Dure accuse da parte del segretario generale della Cisl sarda contro l´esecutivo Cappellacci. L´unica soluzione per il dirigente del sindacato è un patto sociale epolitico di fine legislatura

CAGLIARI - «Solo un patto sociale e politico di fine legislatura può ridurre l’impatto della crisi economica e del lavoro nell’Isola e tentare di rimediare al logoramento, che appare ormai irreversibile, della Regione».
A dichiararlo è Mario Medde, segretario generale della Cisl sarda, che muove delle accuse pesanti all'esecutico Cappellacci «epicentro - secondo il sindacalista - della crisi politica della Sardegna, e concausa delle difficoltà e dei ritardi nei processi dello sviluppo e nella promozione di nuove opportunità lavorative». Per Medde sono tre sono i provvedimenti urgenti che un Patto sociale e politico dovrebbe contemplare con assoluta priorità: «la rinegoziazione del Patto di stabilità, la definizione della vertenza sulle entrate, il riconoscimento dello status di insularità».

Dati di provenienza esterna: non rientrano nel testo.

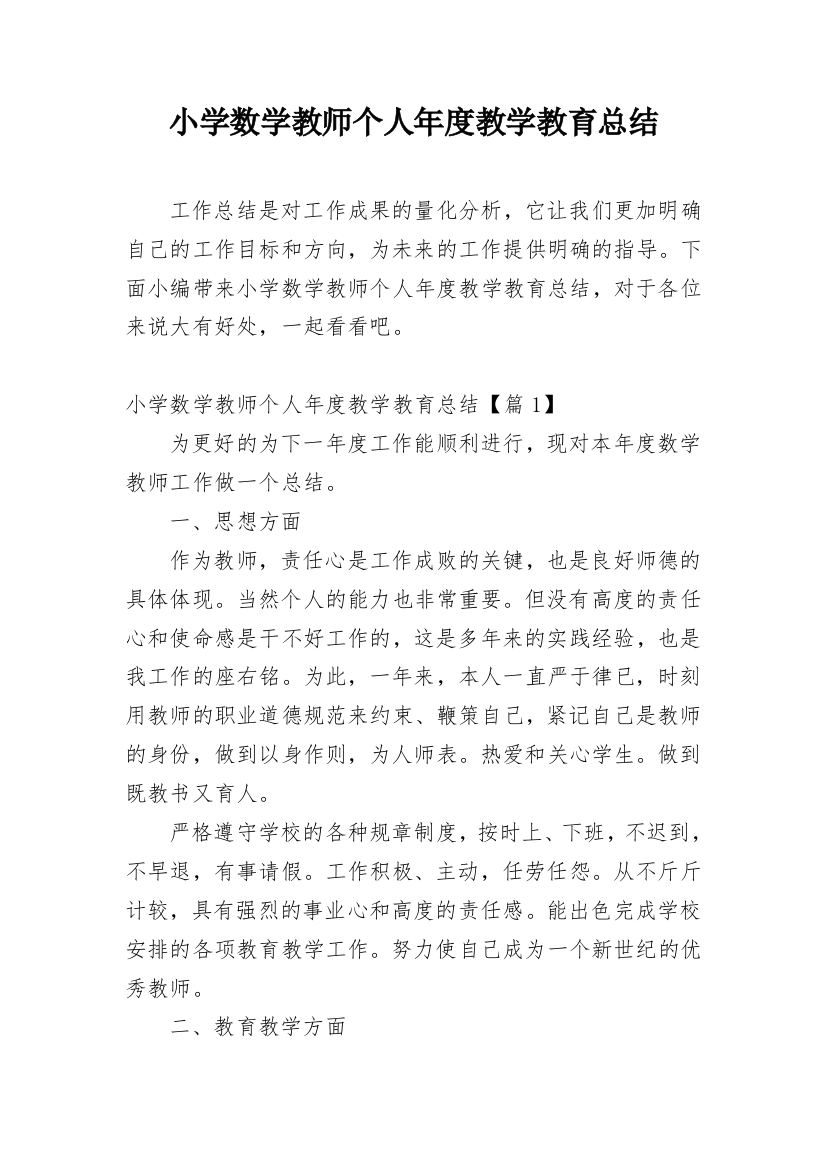 小学数学教师个人年度教学教育总结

«Sul versante interno - prosegue - è indispensabile un programma straordinario per il lavoro e contro le povertà, l’adozione di una nuova strategia di politica industriale e agricola, l’attuazione dell’Assemblea costituente del popolo sardo quale presupposto per riformare la Regione e per andare a negoziare un nuovo Patto costituzionale con lo Stato». «L’alternativa - conclude Medde - è che continui ancora per diciotto mesi il logoramento delle istituzioni e il vuoto programmatico, peggiorando ulteriormente le condizioni di vita e di lavoro dei cittadini».